C’est donc bien une question essentielle qui est jeu, celle de la démocratie représentative et de la sauvegarde de ses principes fondateurs. Le texte qu’on nous demande d’adopter, ne ressemble pas au standard constitutionnel qui s’est inscrit dans notre patrimoine juridique et politique. Il impose pourtant l’acceptation d’un triple blocage dans des domaines essentiels de l’organisation du pouvoir et de ses rapports à la société.
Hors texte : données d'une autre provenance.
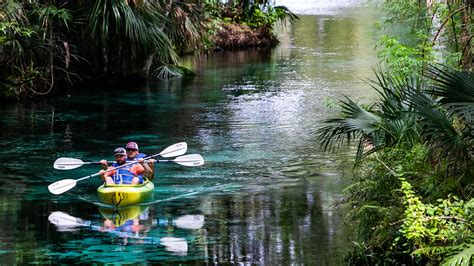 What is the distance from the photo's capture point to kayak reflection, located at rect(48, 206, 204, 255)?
37.3 feet

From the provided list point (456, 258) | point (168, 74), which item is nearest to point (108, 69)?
point (168, 74)

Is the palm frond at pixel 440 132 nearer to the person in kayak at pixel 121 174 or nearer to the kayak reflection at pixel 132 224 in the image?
the kayak reflection at pixel 132 224

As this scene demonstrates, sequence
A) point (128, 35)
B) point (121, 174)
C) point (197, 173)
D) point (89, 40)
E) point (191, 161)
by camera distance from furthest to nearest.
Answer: point (89, 40) < point (128, 35) < point (197, 173) < point (191, 161) < point (121, 174)

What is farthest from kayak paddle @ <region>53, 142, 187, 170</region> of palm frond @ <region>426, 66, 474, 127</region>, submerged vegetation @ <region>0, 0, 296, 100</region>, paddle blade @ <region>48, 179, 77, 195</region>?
submerged vegetation @ <region>0, 0, 296, 100</region>

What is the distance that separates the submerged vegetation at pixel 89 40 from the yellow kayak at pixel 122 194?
886cm

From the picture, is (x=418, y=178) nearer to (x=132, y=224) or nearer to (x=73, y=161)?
(x=132, y=224)

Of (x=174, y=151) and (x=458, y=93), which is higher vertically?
(x=458, y=93)

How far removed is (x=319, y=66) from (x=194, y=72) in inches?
174

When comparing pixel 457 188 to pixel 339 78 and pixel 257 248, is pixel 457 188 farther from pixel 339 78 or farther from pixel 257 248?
pixel 339 78

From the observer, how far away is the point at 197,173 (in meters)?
15.7

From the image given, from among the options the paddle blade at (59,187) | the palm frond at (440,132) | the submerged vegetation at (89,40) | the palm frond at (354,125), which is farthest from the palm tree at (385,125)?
the submerged vegetation at (89,40)

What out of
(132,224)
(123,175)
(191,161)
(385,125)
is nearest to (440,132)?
(385,125)

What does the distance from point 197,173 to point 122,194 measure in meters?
2.69

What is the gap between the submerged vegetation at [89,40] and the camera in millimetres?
23016
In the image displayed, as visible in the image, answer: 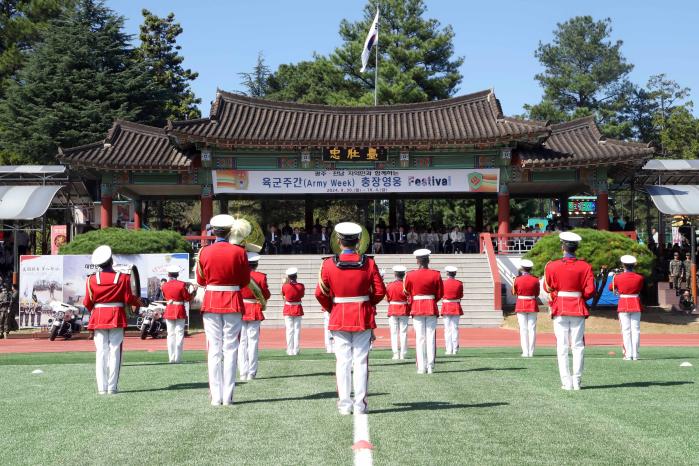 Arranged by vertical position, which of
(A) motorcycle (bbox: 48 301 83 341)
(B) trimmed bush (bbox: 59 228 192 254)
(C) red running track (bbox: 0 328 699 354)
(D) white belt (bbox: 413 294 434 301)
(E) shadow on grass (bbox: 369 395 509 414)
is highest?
(B) trimmed bush (bbox: 59 228 192 254)

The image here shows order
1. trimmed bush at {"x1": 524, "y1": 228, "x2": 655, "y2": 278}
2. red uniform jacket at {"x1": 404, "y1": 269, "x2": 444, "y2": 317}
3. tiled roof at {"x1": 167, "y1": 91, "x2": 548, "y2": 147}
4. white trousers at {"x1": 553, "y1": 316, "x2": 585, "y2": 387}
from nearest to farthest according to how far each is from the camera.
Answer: white trousers at {"x1": 553, "y1": 316, "x2": 585, "y2": 387}, red uniform jacket at {"x1": 404, "y1": 269, "x2": 444, "y2": 317}, trimmed bush at {"x1": 524, "y1": 228, "x2": 655, "y2": 278}, tiled roof at {"x1": 167, "y1": 91, "x2": 548, "y2": 147}

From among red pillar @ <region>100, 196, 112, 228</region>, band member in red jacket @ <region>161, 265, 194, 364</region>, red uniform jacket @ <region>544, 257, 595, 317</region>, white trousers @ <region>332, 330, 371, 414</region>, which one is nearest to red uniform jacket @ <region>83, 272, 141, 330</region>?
white trousers @ <region>332, 330, 371, 414</region>

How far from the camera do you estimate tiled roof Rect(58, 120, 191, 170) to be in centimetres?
3178

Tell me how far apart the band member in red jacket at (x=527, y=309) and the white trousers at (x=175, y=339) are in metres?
6.83

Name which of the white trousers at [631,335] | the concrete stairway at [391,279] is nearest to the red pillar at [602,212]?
the concrete stairway at [391,279]

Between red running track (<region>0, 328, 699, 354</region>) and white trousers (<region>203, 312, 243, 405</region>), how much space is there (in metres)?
10.9

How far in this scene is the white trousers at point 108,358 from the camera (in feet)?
36.4

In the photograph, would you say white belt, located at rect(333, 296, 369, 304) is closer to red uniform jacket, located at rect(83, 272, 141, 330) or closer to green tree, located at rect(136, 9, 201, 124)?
red uniform jacket, located at rect(83, 272, 141, 330)

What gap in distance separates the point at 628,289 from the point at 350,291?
8960 millimetres

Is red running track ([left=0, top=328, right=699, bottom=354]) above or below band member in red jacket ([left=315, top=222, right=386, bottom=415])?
below

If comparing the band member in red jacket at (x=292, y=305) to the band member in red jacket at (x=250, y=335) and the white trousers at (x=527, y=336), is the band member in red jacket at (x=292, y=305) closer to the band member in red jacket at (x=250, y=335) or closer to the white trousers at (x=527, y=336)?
the band member in red jacket at (x=250, y=335)

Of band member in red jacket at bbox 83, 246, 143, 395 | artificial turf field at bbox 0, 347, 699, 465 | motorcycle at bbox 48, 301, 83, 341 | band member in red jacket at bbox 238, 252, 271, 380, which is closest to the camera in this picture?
artificial turf field at bbox 0, 347, 699, 465

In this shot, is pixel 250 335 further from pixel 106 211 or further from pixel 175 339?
pixel 106 211

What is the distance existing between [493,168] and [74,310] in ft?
55.4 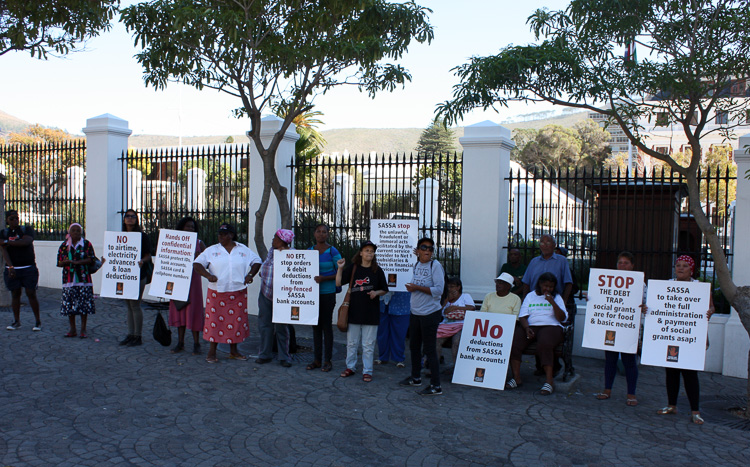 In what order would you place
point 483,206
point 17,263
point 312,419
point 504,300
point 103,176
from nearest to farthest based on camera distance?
point 312,419 < point 504,300 < point 17,263 < point 483,206 < point 103,176

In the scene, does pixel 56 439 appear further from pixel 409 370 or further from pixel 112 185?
pixel 112 185

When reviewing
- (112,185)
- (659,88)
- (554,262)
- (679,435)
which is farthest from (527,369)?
(112,185)

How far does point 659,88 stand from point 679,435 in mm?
3970

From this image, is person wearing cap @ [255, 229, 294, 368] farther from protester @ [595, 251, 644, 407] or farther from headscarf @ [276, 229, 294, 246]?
protester @ [595, 251, 644, 407]

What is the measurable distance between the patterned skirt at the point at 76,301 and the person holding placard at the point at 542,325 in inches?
225

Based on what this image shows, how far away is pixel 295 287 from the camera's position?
773 centimetres

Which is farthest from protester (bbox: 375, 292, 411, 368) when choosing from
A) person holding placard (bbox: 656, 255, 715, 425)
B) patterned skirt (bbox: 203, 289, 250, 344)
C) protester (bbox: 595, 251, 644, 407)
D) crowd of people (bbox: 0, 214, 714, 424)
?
person holding placard (bbox: 656, 255, 715, 425)

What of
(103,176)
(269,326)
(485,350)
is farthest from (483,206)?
(103,176)

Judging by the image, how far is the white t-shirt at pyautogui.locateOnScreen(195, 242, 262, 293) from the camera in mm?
7855

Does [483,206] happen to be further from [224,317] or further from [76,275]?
[76,275]

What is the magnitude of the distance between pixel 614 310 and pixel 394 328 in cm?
270

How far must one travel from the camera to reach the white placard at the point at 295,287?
301 inches

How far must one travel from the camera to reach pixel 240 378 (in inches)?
285

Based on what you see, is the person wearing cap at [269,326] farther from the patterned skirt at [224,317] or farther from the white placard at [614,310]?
the white placard at [614,310] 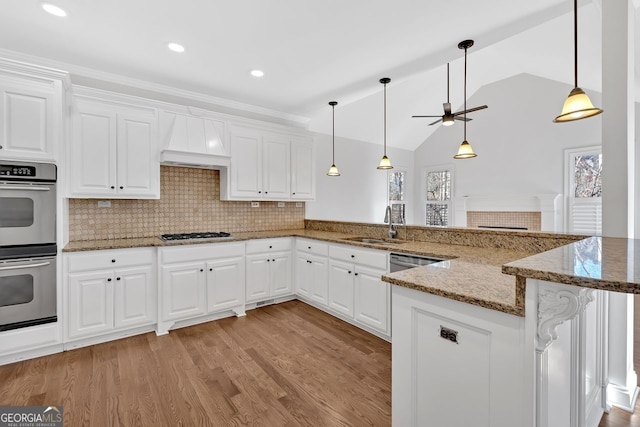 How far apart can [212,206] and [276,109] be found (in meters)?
1.70

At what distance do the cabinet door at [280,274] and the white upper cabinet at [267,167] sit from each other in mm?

Ceux qui voudraient nous entraîner dans leur oui sont aussi ceux qui ont érigé les institutions et les politiques européennes en dogme intouchable dont les socialistes auraient la garde. Fascinés par la fragilité des compromis qu’ils ont eux-mêmes passés, ils n’imaginent pas une autre histoire, un cours différent de la construction européenne. Ils oublient que celle-ci a progressé autant par bonds et crises que par négociations diplomatiques. Il est venu le temps de dénoncer l’ingouvernabilité de l’Europe. Disons non pour lui donner un nouvel élan politique et démocratique.
Paul Alliès. Montpellier. Le 4/12/04.
Paul Alliès est professeur de science politique à l’université de Montpellier (et aussi membre du PS) ; il est auteur de plusieurs essais. L’article a circulé sur le net.